Read more: How TierPoint Quietly Built a Data Center Empire in Secondary Markets
Iron Mountains must first decided if other Tier 1 data center markets will be targeted first, or if a more "ubiquitous" footprint in smaller US markets would be a more prudent way to grow. M&A criteria would include: data center design, quality of the footprint, overall asset quality, and ability to deliver services consistently across the portfolio.
Seeding the Cloud
On November, 30 Amazon Web Services re:Invent 2016 hogged the headlines when the company shared its Snowmobile tractor-trailer rig capable of transferring and transporting exabytes of data to the cloud in just weeks. Who doesn't like 18-wheelers and Legos?
Back in April of this year Iron Mountain wrote a low key corporate blog post to tout a solution for companies needing large-scale data migration to the cloud. The service is called Iron Mountain's cloud seeding and migration, a solution which supports the Google Cloud Platform, originally announced in March 2015.
It could be relatively easy for Iron Mountain to take this service to the next level, since it already operates an enormous fleet of trucks utilizing patented security and tracking protocols with an auditable chain of custody.
Disaster Recovery on Steroids
Iron Mountain serves the needs of more than 2,300 global customers in Boyers, PA alone. It is an underground city with over 2,700 daily workers, including ~200 Iron Mountain employees. In 2008, Marriott leased 12,500 square feet of space to establish a data center in the Underground for disaster recovery purposes. Global IT leader NEC Corporation is a data center tenant, as well as several US government agencies.
The Underground provides customers protection from natural and man-made disasters, including an EMP event. An EMP, or electromagnetic pulse, is a sudden burst of high-energy electromagnetic radiation generated by solar storms or high-altitude nuclear blasts. The damaging current and extremely high voltage surges can result in the complete destruction of unshielded data processing and storage systems.
Kidd mentioned there was currently 12 MW of data center critical load at the site, with plenty of additional capacity. The facility is served by 2N electrical systems (A/B paths - cabinet through generator), and N+1 mechanical and cooling redundancy.
If one or more of the 26 diesel generators (2N) need to be fired up, in addition to substantial on-site fuel storage, Iron Mountain has a written agreement with a large national supplier. This fuel vendor owns product in pipelines at all times, and can pull fuel from more than 100 different terminals in three different states when needed.
Investor Takeaway
In the above ground world, it is a whole new ballgame for Iron Mountain in Northern Virginia's Data Center Alley, the largest and most competitive US data center market. Iron Mountain has more global information storage customers than all of its public and private data center competitors combined. However, very few are currently data center customers.

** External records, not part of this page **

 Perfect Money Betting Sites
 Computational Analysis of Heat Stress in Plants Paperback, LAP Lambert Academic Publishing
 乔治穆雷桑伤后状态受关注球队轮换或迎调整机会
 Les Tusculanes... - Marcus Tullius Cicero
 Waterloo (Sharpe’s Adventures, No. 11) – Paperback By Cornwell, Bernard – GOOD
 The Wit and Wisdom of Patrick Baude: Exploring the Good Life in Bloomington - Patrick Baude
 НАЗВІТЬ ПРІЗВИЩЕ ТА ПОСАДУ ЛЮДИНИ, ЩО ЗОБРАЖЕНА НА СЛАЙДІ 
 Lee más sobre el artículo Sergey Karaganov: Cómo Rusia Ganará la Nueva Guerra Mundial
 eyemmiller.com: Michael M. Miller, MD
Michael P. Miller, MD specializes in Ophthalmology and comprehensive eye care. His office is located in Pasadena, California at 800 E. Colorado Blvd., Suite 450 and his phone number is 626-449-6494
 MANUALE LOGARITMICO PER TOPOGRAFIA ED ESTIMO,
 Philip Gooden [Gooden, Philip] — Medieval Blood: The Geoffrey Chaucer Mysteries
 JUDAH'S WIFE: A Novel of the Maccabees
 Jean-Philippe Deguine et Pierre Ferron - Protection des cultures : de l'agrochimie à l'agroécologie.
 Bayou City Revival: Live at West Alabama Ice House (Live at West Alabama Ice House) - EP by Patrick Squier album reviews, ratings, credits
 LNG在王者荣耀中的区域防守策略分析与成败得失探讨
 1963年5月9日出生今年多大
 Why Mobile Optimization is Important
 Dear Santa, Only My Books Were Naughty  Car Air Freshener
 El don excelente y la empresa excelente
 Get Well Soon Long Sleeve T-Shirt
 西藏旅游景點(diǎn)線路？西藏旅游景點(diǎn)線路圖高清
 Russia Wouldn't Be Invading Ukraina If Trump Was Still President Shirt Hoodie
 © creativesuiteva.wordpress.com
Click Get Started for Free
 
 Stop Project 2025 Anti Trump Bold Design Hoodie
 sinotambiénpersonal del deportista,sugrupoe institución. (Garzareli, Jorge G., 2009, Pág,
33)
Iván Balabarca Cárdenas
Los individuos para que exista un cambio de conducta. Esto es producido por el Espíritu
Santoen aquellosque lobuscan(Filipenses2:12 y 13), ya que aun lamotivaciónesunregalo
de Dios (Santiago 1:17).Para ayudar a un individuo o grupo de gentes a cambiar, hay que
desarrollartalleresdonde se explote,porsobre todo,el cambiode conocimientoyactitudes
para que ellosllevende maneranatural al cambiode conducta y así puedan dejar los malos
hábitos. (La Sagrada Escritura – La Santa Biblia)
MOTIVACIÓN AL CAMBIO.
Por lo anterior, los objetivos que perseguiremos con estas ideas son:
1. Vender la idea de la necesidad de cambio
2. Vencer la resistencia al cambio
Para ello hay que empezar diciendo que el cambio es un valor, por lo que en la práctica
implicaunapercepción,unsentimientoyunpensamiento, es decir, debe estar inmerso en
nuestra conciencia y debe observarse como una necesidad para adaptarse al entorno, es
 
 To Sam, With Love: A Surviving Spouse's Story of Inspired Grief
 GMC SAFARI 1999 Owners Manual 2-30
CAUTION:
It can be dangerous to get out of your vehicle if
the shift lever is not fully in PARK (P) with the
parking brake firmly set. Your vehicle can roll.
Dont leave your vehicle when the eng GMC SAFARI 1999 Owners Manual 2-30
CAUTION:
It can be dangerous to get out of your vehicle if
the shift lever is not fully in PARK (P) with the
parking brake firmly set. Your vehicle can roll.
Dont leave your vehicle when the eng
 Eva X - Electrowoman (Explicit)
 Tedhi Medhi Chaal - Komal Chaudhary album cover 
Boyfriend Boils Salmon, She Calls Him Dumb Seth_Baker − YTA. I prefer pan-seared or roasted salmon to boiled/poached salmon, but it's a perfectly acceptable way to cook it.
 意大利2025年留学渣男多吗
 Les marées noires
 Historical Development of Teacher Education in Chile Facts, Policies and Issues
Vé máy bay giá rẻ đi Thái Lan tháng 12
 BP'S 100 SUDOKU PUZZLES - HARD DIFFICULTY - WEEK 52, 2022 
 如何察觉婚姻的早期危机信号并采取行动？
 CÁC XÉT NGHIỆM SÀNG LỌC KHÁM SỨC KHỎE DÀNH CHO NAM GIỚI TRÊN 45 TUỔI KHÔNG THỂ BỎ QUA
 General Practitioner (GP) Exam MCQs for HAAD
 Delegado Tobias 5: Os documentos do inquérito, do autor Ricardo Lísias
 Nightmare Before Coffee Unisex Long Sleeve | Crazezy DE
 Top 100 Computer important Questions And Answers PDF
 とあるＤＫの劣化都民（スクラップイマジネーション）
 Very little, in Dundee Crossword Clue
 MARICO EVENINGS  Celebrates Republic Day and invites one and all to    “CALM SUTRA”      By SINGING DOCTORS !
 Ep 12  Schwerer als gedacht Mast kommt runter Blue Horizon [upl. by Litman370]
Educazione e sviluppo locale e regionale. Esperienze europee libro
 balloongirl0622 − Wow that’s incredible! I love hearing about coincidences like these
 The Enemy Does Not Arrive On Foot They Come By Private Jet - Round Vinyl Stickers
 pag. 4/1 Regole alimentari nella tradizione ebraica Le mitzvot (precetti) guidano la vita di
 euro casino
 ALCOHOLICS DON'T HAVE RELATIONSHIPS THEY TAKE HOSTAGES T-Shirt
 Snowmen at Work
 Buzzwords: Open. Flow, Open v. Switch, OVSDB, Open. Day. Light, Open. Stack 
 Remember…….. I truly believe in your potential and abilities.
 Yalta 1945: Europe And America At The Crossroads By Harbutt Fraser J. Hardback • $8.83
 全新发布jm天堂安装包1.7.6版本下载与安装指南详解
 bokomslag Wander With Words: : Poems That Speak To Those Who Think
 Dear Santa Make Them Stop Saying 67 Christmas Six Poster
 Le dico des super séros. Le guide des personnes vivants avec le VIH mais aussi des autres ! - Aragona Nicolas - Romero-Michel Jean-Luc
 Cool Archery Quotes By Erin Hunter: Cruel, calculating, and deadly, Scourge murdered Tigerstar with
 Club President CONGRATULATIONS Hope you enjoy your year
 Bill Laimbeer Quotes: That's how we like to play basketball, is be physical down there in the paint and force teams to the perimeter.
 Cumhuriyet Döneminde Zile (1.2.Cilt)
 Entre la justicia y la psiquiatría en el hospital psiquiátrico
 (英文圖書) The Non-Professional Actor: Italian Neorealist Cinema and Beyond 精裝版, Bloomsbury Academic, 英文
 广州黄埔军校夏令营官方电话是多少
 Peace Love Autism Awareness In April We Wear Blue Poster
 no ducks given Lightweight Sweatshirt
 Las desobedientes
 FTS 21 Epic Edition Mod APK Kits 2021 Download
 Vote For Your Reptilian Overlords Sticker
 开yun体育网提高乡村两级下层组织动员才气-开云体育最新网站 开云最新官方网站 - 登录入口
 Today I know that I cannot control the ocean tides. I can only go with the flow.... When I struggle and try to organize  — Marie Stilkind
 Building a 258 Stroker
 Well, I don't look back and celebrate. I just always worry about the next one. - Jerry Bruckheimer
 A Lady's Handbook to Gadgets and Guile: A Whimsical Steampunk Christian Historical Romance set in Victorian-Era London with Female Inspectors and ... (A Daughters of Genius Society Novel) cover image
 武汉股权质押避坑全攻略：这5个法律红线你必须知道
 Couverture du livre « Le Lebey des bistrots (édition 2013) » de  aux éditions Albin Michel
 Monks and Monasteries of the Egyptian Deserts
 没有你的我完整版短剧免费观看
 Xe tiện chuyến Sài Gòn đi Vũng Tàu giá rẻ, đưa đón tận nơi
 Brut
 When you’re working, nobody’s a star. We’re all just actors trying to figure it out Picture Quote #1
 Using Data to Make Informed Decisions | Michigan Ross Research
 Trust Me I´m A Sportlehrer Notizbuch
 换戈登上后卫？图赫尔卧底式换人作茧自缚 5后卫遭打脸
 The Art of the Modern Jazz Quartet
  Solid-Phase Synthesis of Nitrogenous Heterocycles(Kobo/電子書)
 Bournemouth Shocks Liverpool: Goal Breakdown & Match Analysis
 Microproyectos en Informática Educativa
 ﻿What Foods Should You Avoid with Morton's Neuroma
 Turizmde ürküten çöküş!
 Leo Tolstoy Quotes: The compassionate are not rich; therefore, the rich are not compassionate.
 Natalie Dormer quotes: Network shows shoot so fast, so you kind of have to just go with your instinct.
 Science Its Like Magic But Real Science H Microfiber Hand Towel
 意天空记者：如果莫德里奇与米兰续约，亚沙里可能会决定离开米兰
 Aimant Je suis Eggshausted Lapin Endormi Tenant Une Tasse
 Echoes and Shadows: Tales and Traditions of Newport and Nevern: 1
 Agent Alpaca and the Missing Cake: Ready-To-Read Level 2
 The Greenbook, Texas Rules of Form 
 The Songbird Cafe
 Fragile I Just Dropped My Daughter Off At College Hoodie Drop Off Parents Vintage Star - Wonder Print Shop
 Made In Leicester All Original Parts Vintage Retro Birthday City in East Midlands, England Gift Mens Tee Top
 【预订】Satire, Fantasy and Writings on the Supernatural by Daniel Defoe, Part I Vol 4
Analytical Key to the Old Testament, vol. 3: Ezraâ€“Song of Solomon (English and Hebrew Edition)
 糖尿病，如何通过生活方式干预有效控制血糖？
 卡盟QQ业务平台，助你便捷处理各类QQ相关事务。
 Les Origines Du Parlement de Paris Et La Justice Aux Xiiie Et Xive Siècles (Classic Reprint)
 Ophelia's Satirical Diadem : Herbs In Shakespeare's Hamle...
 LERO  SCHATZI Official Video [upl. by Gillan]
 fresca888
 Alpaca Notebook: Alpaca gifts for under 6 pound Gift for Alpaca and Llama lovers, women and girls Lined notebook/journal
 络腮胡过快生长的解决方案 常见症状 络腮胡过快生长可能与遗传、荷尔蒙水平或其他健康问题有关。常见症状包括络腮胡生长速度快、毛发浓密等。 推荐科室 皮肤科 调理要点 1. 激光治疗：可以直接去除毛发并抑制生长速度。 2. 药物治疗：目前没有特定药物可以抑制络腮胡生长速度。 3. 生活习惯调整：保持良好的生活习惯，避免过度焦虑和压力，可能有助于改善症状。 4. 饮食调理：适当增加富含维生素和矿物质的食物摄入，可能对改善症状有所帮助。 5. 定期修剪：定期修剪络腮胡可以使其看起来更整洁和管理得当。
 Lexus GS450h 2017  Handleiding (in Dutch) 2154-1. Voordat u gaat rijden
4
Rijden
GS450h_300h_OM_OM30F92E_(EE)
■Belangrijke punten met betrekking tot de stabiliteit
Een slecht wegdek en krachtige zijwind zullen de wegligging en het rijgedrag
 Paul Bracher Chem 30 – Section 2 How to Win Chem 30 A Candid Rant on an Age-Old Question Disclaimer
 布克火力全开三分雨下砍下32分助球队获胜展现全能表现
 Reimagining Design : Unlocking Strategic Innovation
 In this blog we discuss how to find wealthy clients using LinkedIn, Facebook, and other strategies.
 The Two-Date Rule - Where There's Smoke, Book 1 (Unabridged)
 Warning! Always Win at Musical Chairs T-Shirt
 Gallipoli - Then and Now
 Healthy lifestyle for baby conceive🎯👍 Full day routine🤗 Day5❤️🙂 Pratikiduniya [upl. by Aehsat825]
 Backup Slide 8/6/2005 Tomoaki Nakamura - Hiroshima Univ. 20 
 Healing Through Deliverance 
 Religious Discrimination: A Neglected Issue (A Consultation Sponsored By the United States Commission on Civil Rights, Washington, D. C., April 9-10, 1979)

Read more: Cloud Fuels Unprecedented Data Center Boom in Northern Virginia
The next challenge will be to leverage customer trust and Iron Mountain's reputation for service, compliance, and security to attract customers that already have colocation and hybrid cloud relationships in place with other providers.
While it remains to be seen how the company intends to scale the data center business plan, Iron Mountain's investment in the Manassas, VA campus signals the beginning of the next chapter. Mark Kidd made it clear to Data Center Knowledge during our interview that Iron Mountain plans to balance growing its footprint of data centers with keeping an eye on the bottom line.